On Wednesday, the union that represents some 60,000 film and television workers set a strike deadline of Monday at 12:01 a.m., putting pressure on producers to get a deal done and avoid shutdown of many Hollywood films and television shows, many of which are filmed in the Antelope Valley.
Matthew Loeb, the president of the International Alliance of Theatrical Stage Employees (IATSE), announced that unless an agreement is reached, union members will begin a nationwide strike against the Alliance of Motion Pictures and Television Producers (AMPTP) on Monday.

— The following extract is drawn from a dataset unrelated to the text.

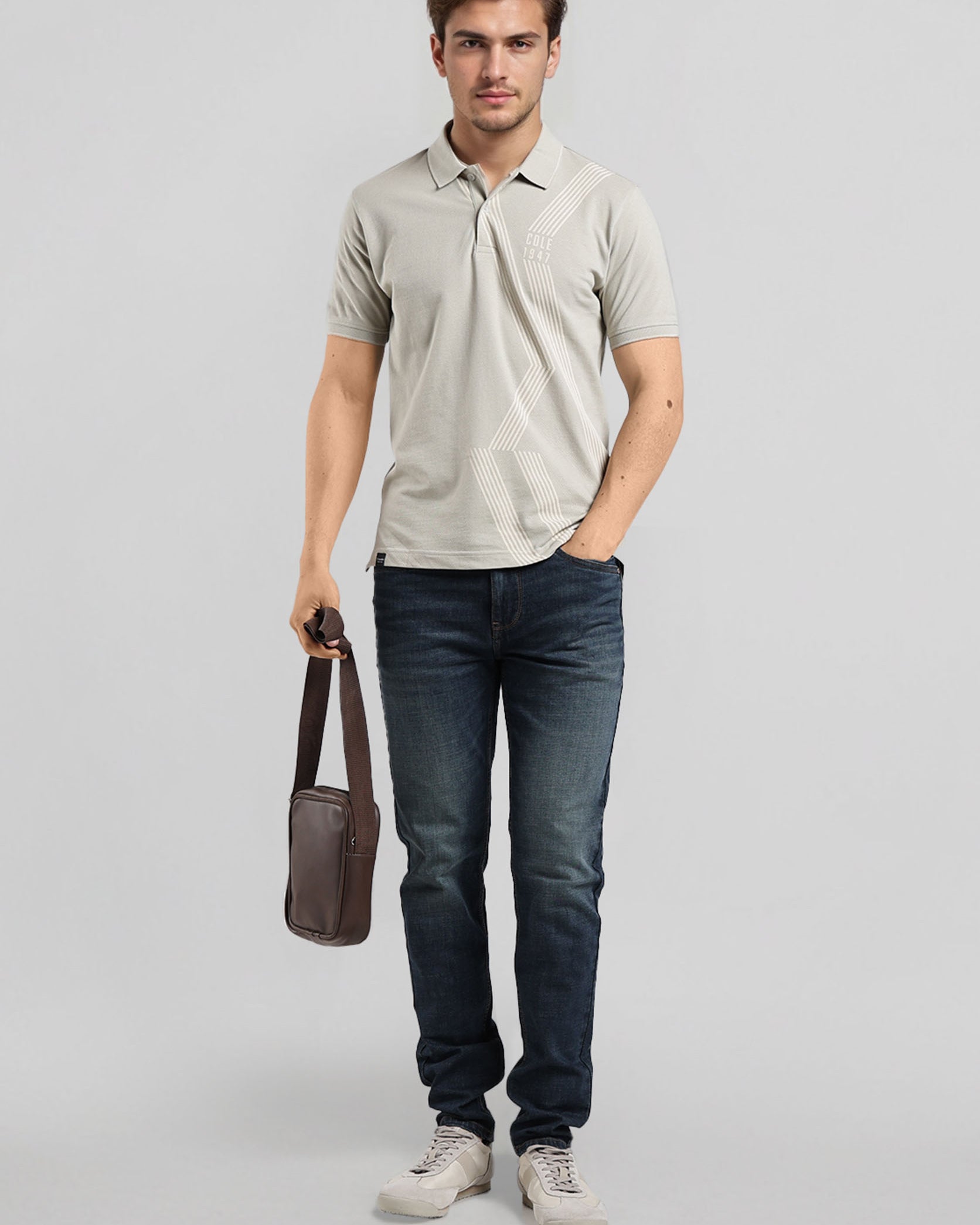 Man wearing a light gray polo shirt and dark blue jeans, holding a brown leather bag on a light gray background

Loeb said the union will continue bargaining with the producers this week to reach agreements that address core issues, such as reasonable rest periods, meal breaks, and a living wage for those on the bottom of the wage scale. Loeb said the pace of bargaining doesn’t reflect “any sense of urgency” by AMPTP.
IATSE members who work in television and film production at 36 IATSE local unions across the country—including 13 on the West Coast—voted over the weekend of Oct. 1-3 to authorize the union’s president to call a strike if contract talks didn’t result in a new contract for the 60,000 film and television workers.
The union represents “below the line” workers such as production and department coordinators, writers’ assistants, cinematographers, costumers, grips, script supervisors, technicians, designers and others.
Earlier this month, Rep. Adam Schiff (CA-28), and Sen. Alex Padilla (D-California), joined with 118 U.S. senators and House members in sending a letter to the AMPTP, urging the association to negotiate collaboratively and in good faith.